18 March 2022

8 million words, 4 days, 1 localization company

8 million words, 4 days, 1 localization company

How many words do you think the complete works of Shakespeare contain?

20 million words? 13 million? 7 million?
Would you believe: less than a million words?
What about the Harry Potter books?

Think again.

At 1,084,170 words, all Harry Potter’s adventures amount to a few minor skirmishes with dragons and warlocks when you compare it to the Herculean task that Alpha was set a few months ago.

One of our long-term clients – a high-end German car manufacturer that you’ll probably have heard of – set us the task of translating 8.8 million words from German into American English. A breeze if you’ve got all year, but when the brief stipulates that you’ve only got four days? It’s time to throw out your DE-EN dictionary and go back to the drawing board.


Think fast, translate even faster

So how did we do it? The smart people out there will have already said “machine translation”. And that’s true, but as the song says: “It ain’t what you do, it’s the way that you do it… and that’s what gets results”.

The task was the translation of an eDiscovery project. Basically, this is the process in which electronic data is located, provided and searched in order for it to be used as evidence in legal proceedings. Nearly nine million words of densely packed corporate, business legalese. For this task you’d not only need a machine translation engine but Harry Potter’s book of spells on top.

Alpha’s solution was not one but three machine translation machine engines, which we tested and tested and tested with a tiny little batch of 13.5K words taken from the 8.8 million.

Following this, we set our linguists (actual people) loose on the tester batch, translating and QA’ing to the nth degree. Then we compared and contrasted. The machine translation engines provided the brawn and our walking talking human translators provided the brains. Together: a dynamite combo.


The electronic Kool-Aid acid test

With this massive amount of data-heavy corporate/legal content what the client wanted was to get a good gist from the translated content.
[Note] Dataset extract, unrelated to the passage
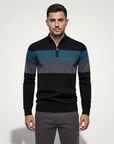 Zac | Modern Half Zip Men’s Sweater for Contemporary Wear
Naturally, we strive for perfection at Alpha with every word we translate, but this time we wouldn’t have any time for pre-preparation or post-editing by human translators. For this project we were aiming for “a comprehensible and accurate account of the essential meaning of the source text” (as defined by TAUS), together with a little Alpha flourish of ingenuity. In four days.

Once we’d tested our three trial machine translation engines to the limit, had our linguists go through the results with a fine toothed comb, we picked the strongest contender and started to design a workflow. (Remember: four days). This workflow had to be more than agile, it had to be acrobatic.

Working closely, and nimbly, with our client we found a solution to their pre-preparation problem. It was time to dispense with all the file niceties: no tags, no formatting, just pure, unadulterated OpenText documents. These files were provided in batches and, using another piece of wizardry on our part, fed into the machine translation engine over the four days using a project content connector especially designed by one of our super-smart operations people. This clever little gizmo was then synced with a watch folder, and managed by the aforementioned super-smart operations person (day and night, we should mention – talk about going the extra mile!) As soon as new files arrived in the watch folder, they were immediately imported into Alpha’s translation platform, machine-translated and exported to the client.

8.8 million words, four days and one tired operations expert later, the job was signed, sealed and delivered.

We’re happy to say that the project was as smooth and sleek as one of our client’s latest lux car designs. In fact, our client told us: “Thanks very much for the quick turnaround and assistance on the latest sample of machine translations. We thought the quality was excellent” (except that they said it in German).